С в о й к с в о е м у и в с е г д а з а п р а в д у!
К т о н е с н а м и, т о т п р о т и в н а с!
И всю стену, напротив входной двери, заняла броская надпись:
Е с т ь и б у д у с л а в я н и н о м!
На побеленном боку русской печи Когоут нарисовал углем карикатуру: два хромых монарха играют на шарманке. А во второй горнице, там, где положено быть иконе, красовался портрет русского царя, вырезанный из какого-то журнала.
И вот, когда в этой своей крепости мужественные Сиротки — вместе с Бауэром, пришедшим к ним в гости, — впервые сели за самый настоящий сладкий чай, они прониклись глубокими чувствами заслуженно отдыхающих победителей, и в глубине сердец у них шевельнулась сумасбродная мысль — никуда больше отсюда не высовывать носа. В этом уютном гнездышке в тот вечер все переполнялось сознанием хорошо сделанного дела и все дышало теплотой дружбы.
Они поднимали стаканы чая за свое здоровье и за погибель австрияков и Австрии. Завадил, открывая празднество, сказал слова приветствия, которые, видимо, выражали самые заветные мысли Сироток.
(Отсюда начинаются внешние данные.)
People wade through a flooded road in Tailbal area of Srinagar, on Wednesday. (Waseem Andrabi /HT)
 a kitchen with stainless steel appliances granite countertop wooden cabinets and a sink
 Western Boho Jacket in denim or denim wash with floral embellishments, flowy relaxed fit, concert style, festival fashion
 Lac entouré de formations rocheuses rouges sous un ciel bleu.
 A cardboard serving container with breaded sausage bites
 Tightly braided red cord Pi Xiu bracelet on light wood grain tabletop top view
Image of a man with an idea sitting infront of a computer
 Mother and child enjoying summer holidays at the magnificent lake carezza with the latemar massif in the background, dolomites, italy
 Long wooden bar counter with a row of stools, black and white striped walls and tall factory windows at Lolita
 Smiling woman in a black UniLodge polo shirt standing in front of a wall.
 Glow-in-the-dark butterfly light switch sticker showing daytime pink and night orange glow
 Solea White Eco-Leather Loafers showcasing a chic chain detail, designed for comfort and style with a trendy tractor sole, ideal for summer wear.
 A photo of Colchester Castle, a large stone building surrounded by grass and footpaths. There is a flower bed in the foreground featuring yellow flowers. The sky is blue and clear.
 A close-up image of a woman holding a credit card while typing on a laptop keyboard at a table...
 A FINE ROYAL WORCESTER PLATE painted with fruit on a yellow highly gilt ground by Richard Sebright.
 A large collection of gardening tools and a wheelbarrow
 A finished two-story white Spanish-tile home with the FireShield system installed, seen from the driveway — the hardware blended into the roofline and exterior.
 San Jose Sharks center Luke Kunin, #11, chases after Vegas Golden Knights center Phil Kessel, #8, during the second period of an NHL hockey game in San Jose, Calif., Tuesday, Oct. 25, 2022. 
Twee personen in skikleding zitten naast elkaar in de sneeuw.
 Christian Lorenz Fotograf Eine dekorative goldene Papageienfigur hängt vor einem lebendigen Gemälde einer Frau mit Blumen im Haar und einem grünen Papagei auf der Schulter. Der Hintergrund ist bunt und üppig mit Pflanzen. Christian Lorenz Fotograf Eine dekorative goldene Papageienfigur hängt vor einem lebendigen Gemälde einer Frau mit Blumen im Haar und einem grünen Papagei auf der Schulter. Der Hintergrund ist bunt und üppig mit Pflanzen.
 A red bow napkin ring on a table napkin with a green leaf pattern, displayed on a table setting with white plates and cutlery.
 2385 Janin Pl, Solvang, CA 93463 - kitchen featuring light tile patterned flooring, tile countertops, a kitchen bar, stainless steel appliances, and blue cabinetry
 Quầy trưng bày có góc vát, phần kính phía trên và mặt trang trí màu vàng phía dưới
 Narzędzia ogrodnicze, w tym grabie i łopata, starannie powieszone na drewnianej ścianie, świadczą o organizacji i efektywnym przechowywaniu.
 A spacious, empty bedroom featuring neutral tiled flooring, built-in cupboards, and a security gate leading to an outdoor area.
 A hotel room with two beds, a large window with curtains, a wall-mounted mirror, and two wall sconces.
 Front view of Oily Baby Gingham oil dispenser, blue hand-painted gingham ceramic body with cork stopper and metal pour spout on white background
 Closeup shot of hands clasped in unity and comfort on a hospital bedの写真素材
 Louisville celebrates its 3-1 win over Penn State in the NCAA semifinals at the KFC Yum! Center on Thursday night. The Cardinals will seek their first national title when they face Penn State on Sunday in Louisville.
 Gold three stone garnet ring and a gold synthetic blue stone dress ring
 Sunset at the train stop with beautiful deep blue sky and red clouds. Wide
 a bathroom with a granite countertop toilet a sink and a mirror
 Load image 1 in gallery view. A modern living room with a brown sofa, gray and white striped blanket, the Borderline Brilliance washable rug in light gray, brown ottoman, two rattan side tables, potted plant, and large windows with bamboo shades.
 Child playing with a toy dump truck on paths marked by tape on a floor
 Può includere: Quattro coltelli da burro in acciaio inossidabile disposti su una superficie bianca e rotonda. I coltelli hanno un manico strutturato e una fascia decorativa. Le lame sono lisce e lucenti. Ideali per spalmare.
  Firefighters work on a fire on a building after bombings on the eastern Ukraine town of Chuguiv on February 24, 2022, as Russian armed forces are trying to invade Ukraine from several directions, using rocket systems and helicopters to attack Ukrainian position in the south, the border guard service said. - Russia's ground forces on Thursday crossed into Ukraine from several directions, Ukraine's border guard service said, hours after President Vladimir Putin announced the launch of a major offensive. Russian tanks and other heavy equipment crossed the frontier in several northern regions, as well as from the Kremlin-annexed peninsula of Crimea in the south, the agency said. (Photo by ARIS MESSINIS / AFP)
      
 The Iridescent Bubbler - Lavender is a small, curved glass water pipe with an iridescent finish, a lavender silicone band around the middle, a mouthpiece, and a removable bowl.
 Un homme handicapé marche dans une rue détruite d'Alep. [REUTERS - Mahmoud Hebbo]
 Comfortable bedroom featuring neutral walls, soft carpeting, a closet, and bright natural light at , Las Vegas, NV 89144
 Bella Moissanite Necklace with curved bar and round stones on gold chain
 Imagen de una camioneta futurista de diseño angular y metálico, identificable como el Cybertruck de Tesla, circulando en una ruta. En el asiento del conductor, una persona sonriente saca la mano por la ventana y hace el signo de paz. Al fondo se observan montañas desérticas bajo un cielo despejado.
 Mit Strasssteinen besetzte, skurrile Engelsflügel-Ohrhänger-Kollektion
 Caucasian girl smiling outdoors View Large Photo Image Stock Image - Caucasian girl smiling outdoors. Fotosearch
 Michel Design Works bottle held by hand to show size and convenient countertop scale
— Сегодня, дорогие друзья и Сиротки, — говорил Завадил, — в этот знаменательный день мы можем наконец громко сказать, кто что думает. Тут уж у нас за спиной не стоит ни враг, ни предатель, ни лицемер. И что я, товарищи, хочу еще сказать, так это, что свободу, известное дело, не завоюешь без кровавой борьбы против Австрии.
Речь Завадила, увлекаемого волнами одобрения и даже восторга слушателей, лилась потоком; не переводя дыхания, он отважно поставил на голосование свое предложение о размерах обязательного национального налога, за что его тут же и окрестили «министром финансов» и избрали казначеем. Но потом, когда он с места в карьер принялся переписывать своих данников, его под веселый хохот немедленно разжаловали в «сборщики податей».